Alvaro Rodriguez also had his loan request deducted from his account almost immediately, but did not only not get his check for some 166 days, but—adding insult to injury—got reminder notices that he missed two scheduled repayments during that time (he also had to take out another loan, at 17.75% interest on which he has paid $447.54 in interest). Thomas Taylor had to wait 120 days for his $20,800 hardship, during which time his repeated inquiries were also said to be being directed to the “operations department”—and forcing him to take out two separate loans. The check related to Thelma Watson’s $3,500 loan request didn’t show up for 134 days (and 95 calls to the TSP service line), while she made 14 payments on a loan she hadn’t actually received. Taj White apparently still hasn’t received the $498 hardship he requested in July 2022 (forcing him to pay late fees and penalties for late car insurance payments).

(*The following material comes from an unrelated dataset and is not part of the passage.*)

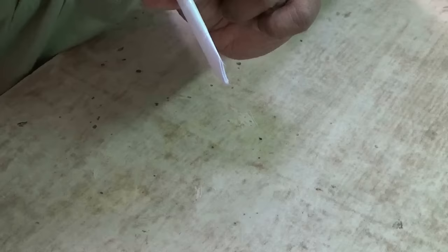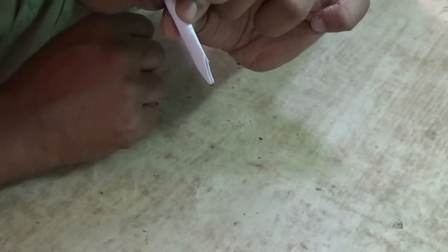Now let's cut the length of the tube and see what happens. The frequency is completely changed — it is a high frequency sound.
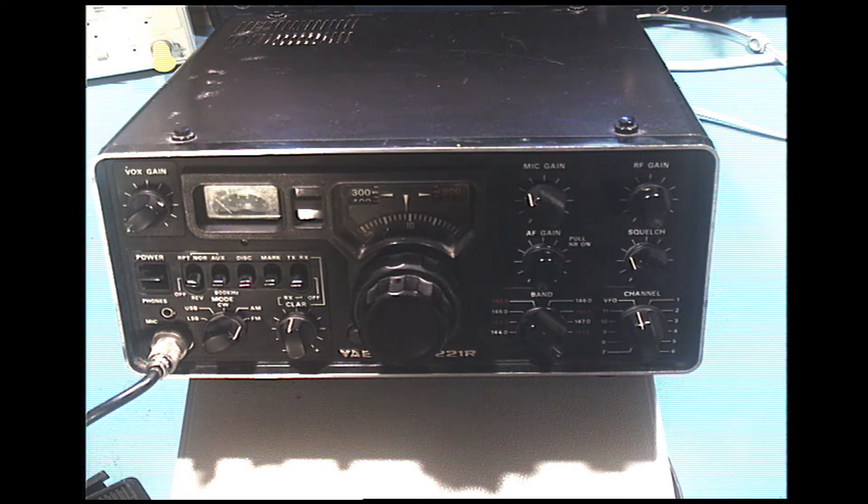A 2-meter all-mode transceiver is one that can do more than just FM. Most transceivers you buy now that cover 2 meters and 440 only do FM, and FM has become the most popular mode on the 2-meter and 70-centimeter 440 ham bands because of the prevalence of repeaters. Since the late 70s, repeaters have always used FM, which caused the prevalence of the FM transceiver — but this one does more than that.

Additionally, the suit notes that “many TSP participants, including Plaintiff Gregorian, needed the TSP monies to cover their current living expenses. After Defendants failed to make timely payments, Plaintiff Gregorian and similarly situated TSP participants sought out other forms of income or chose not to pay for expenditures. Thus, when these participants finally received their Out of Service Withdrawal funds, weeks or months after the requests were made, they no longer needed the funds.  But “[o]nce [a] withdrawal has been disbursed, [the participant] cannot return it.” Consequently, their TSP accounts will forever be reduced and they will not enjoy the long term, compounding benefits that Congress sought to provide in FERSA."